Mit diesem Punkt soll die Menge und die Form der Gewaltdarstellung, die auf die jugend­lichen Konsumenten einwirken können, verdeutlicht werden. Die von mir befragten Ju­gendlichen gaben an, dass sie HipHop über verschiedene Medien nutzen. HipHop wird demnach von allen befragten Jugendlichen über den Tonträger selbst und über das Fern­sehen, in Form von Musikvideos, genutzt. Darüber hinaus nutzen einige der Befragten auch das Internet. Dadurch kommen sie an Hintergrundinformationen über die HipHop-Künstler. Einer der Jugendlichen meinte, dass er sich früher oft HipHop-Zeit­schriften ge­kauft habe, doch inzwischen würde er lieber das Internet nutzen um an Infor­mationen zu kommen. Das Internet wir also genutzt, um alles rund um das Thema Hip­Hop zu erfahren. Die Jugendzeitschrift BRAVO brachte Anfang des Jahres eine „HipHop-Special“-Ausgabe heraus, auf die ich schon öfters im Verlauf dieser Arbeit zurückgegriffen habe. Auf dem Titelblatt dieser Ausgabe ist 50 Cent mit seiner Crew ab­gebildet. Während er eine Zigarre raucht, halten seine Freunde im Hintergrund massen­weise Dollarnoten in ihren Händen. Man muss die Zeitschrift gar nicht erst aufschlagen, um zu erkennen, dass hier den Leser das Gangsta -Image vermittelt werden soll. Ähnliche bild­liche Darstellun­gen las­sen sich auch auf HipHop-Internetseiten finden. Das Internet hat also eine ähnli­che Funk­tion wie die Zeitschrift: das Image von Rappern an die Jugendli­chen zu trans­portieren.

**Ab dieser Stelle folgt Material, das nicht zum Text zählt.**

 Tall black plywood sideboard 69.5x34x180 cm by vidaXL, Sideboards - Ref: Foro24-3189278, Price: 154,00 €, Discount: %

In den folgenden Unterpunkten sollen die von den Jugendlichen angegeben medialen Instrumente zur HipHop-Nutzung auf ihren Gewaltinhalt hin untersu­cht werden. Im ersten Punkt wird das Image im HipHop betrachtet, das über das In­ternet und Zeitschriften am häufigsten im Mittelpunkt der Publikationen steht. In den darauf folgenden Unterpunkten sollen dann die Songtexte und Musikvideos der von den Jugendlichen genannten HipHop-Künstler analysieren werden.

3.1. Gangsta-Image

Das Image der Rapper, insbesondere der Gangsta -Rapper, ist von entscheidender Be­deutung, wenn „Gewalt im HipHop“ untersucht wird. Die echten Gangsta -Rapper, die tat­sächlich auf eine kriminelle Vergangenheit zurückblicken und somit von der Gewalt, die sie selbst erlebt haben und die sie immer noch begleitet, berichten können, nennen sich O.G.s (original gangsta’s). Aus ihrer Sicht verherrlichen sie die Gewalt nicht, sondern be­schrei­ben sie lediglich. Sie versuchen ihre gewaltvollen Erlebnisse in ihren Texten zu ver­arbei­ten und es ist ihnen egal, was andere darüber denken. Auch wenn diese Haltung egois­tisch wirkt, entspricht ihr Vorgehen jedoch dem Charakter des HipHop, da Rapper, indem sie lediglich über ihre eigenen Erfahrungen, Probleme aber auch Wünsche berich­ten, au­thentisch, also real bleiben. Einer der zurzeit kommer­ziell erfolgreichsten amerika­nischen O.G. ist 50 Cent, der von sich behauptet :Ich war einfach der beste Drogendea­ler, weil ich schnell kapiert habe, wie man die Nummer eins wird[12]. Er verdiente sein Geld mit Drogen verkaufen, wurde auch mehrfach verhaftet und verurteilt. Nach einer Streiterei mit einem Musikmanager im März 2000 wurde 50 Cent niedergestochen. Nur zwei Mo­nate später treffen ihn bei einer Schiesserei im New Yorker Stadtteil Queens neun Ku­geln. 50 Cent überlebte das Attentat und gilt seit dem als Bulletproof (kugelsicher).[13] Ein ernüchtern­des Beispiel für die Realität des Gangsta -Image.

[...]


[1] Vgl. Kassis 2003, S. 54.

[2] Vgl. Struck 1994, S. 5.

[3] Vgl. Grimm/Kirste/Weiss 2005, S. 43 f.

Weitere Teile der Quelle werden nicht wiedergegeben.